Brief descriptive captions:
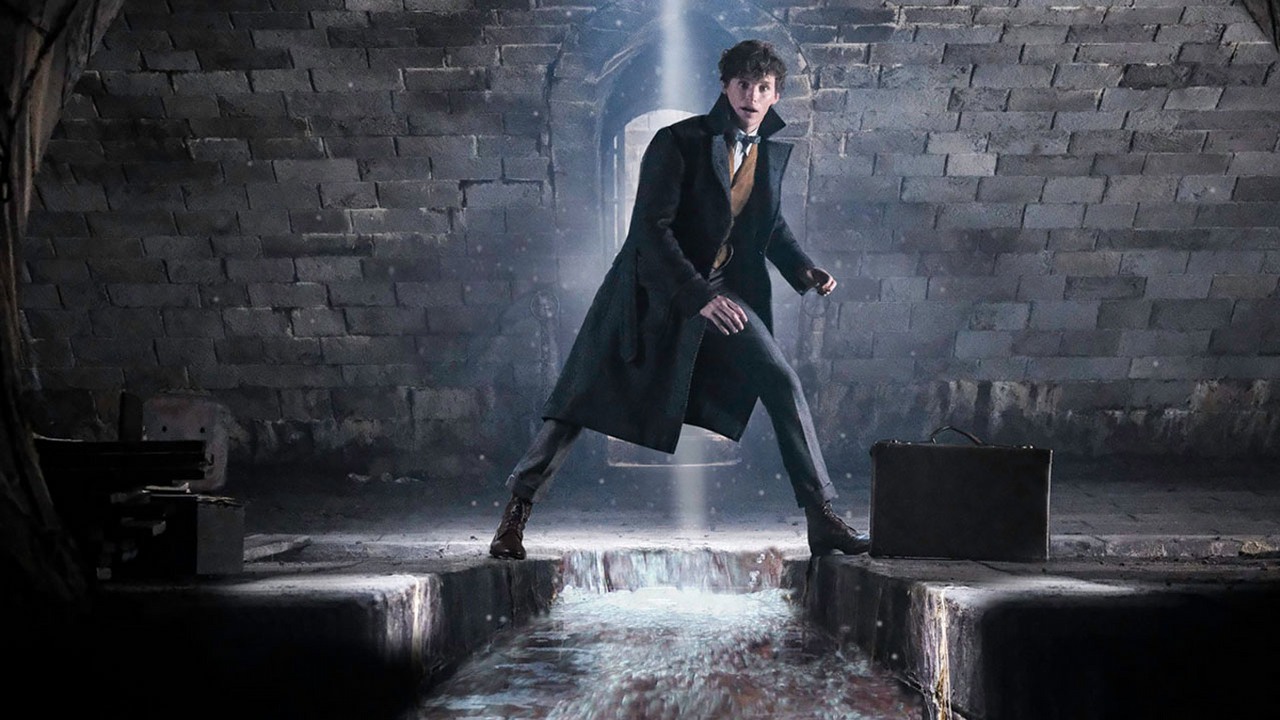 Gwiazdor Fantastycznych Zwierząt 3 morsował podczas zdjęć.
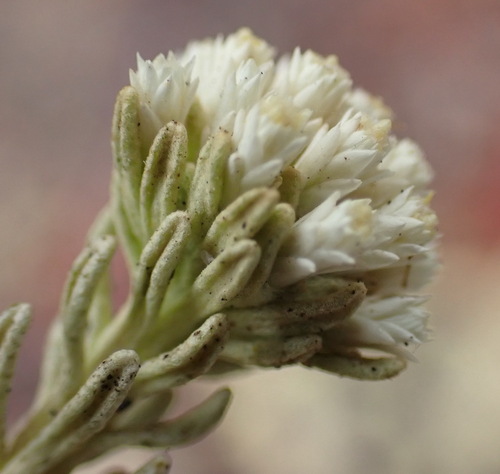 Image of Helichrysum asperum by (c) Nicola van Berkel, some rights reserved (CC BY-SA)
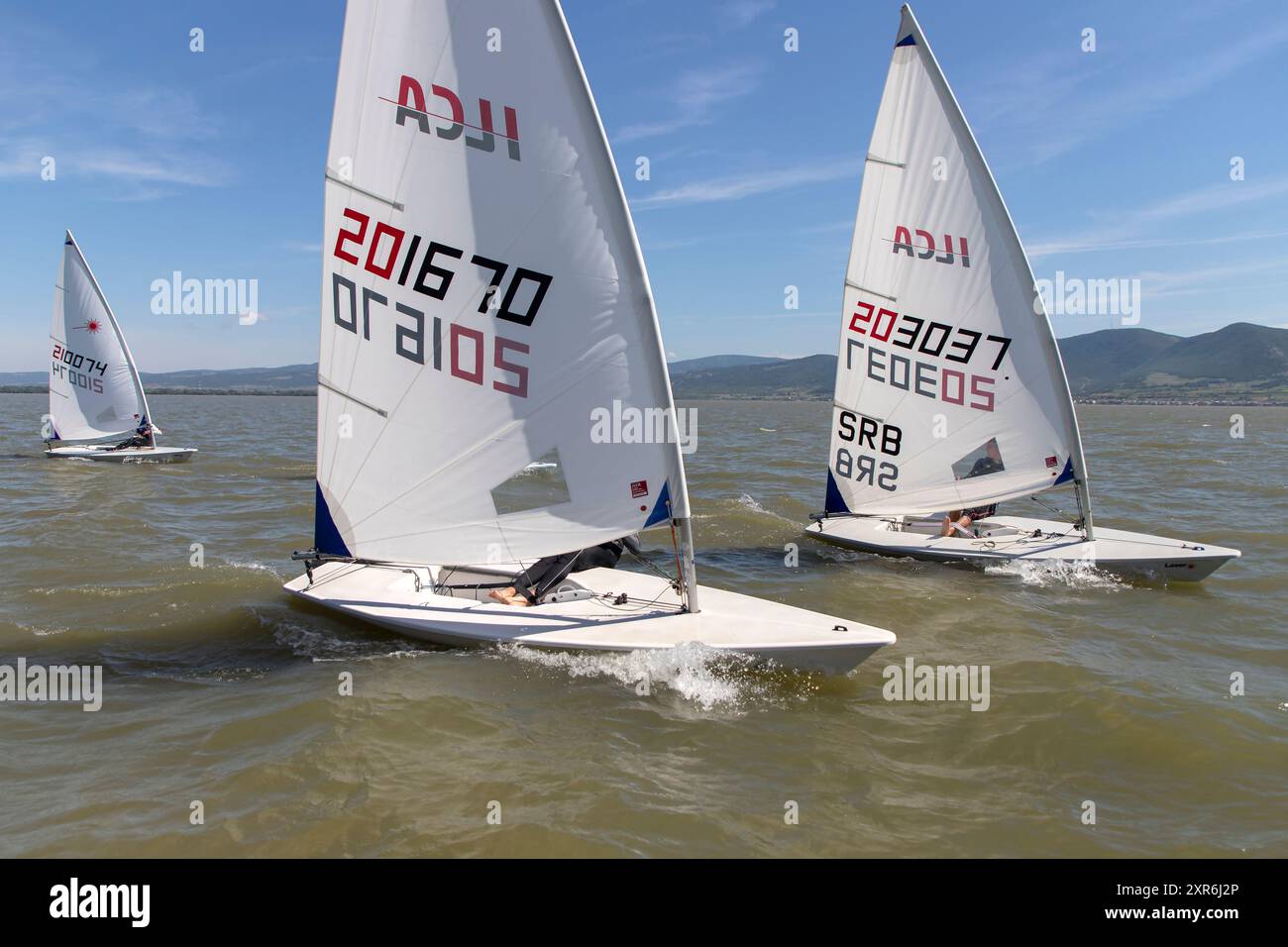 Golubac, Serbia, 7 giugno 2024: Le barche a vela si scontrano per la posizione in una regata di classe laser sul Danubio. Foto Stock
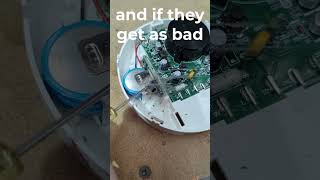 Tips to keep your smoke alarm free from bugs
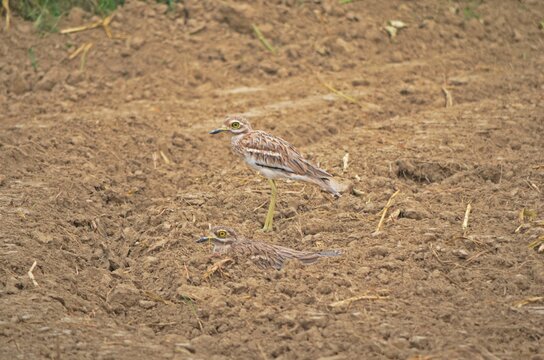 eurasian thicknee
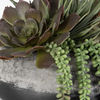 Image 5 of 5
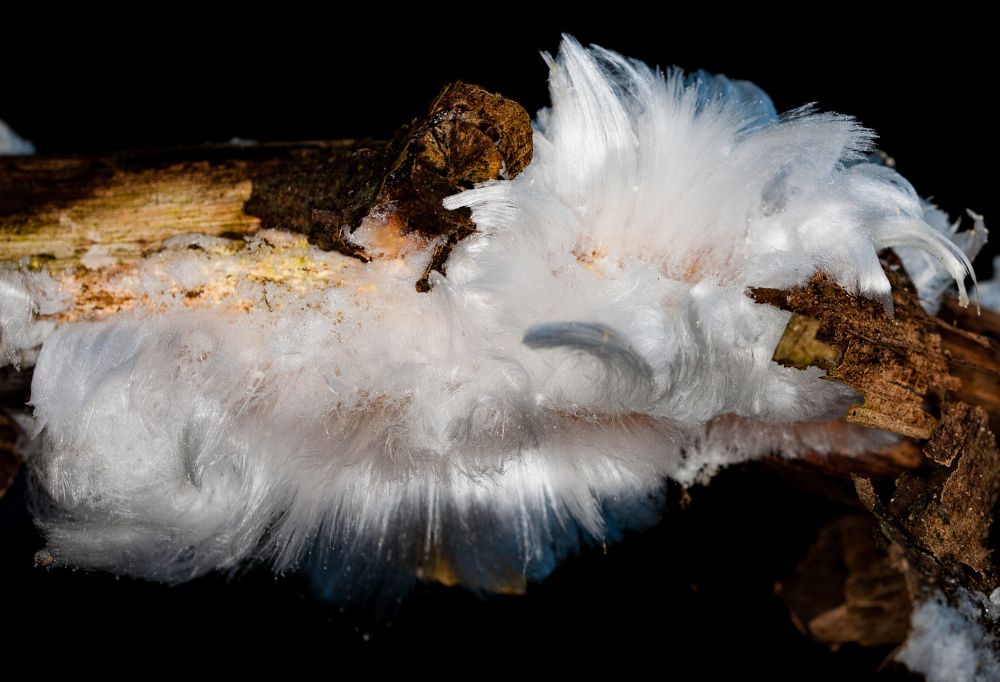 Haareis – Ein ganz spezielles Eiskristall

> WORK INSTRUCTION
Omit the pictures; set down each record exactly.

> SOLUTION TO THE PROBLEM
 Gwiazdor Fantastycznych Zwierząt 3 morsował podczas zdjęć.
 Image of Helichrysum asperum by (c) Nicola van Berkel, some rights reserved (CC BY-SA)
 Golubac, Serbia, 7 giugno 2024: Le barche a vela si scontrano per la posizione in una regata di classe laser sul Danubio. Foto Stock
 Tips to keep your smoke alarm free from bugs
 eurasian thicknee
 Image 5 of 5
 Haareis – Ein ganz spezielles Eiskristall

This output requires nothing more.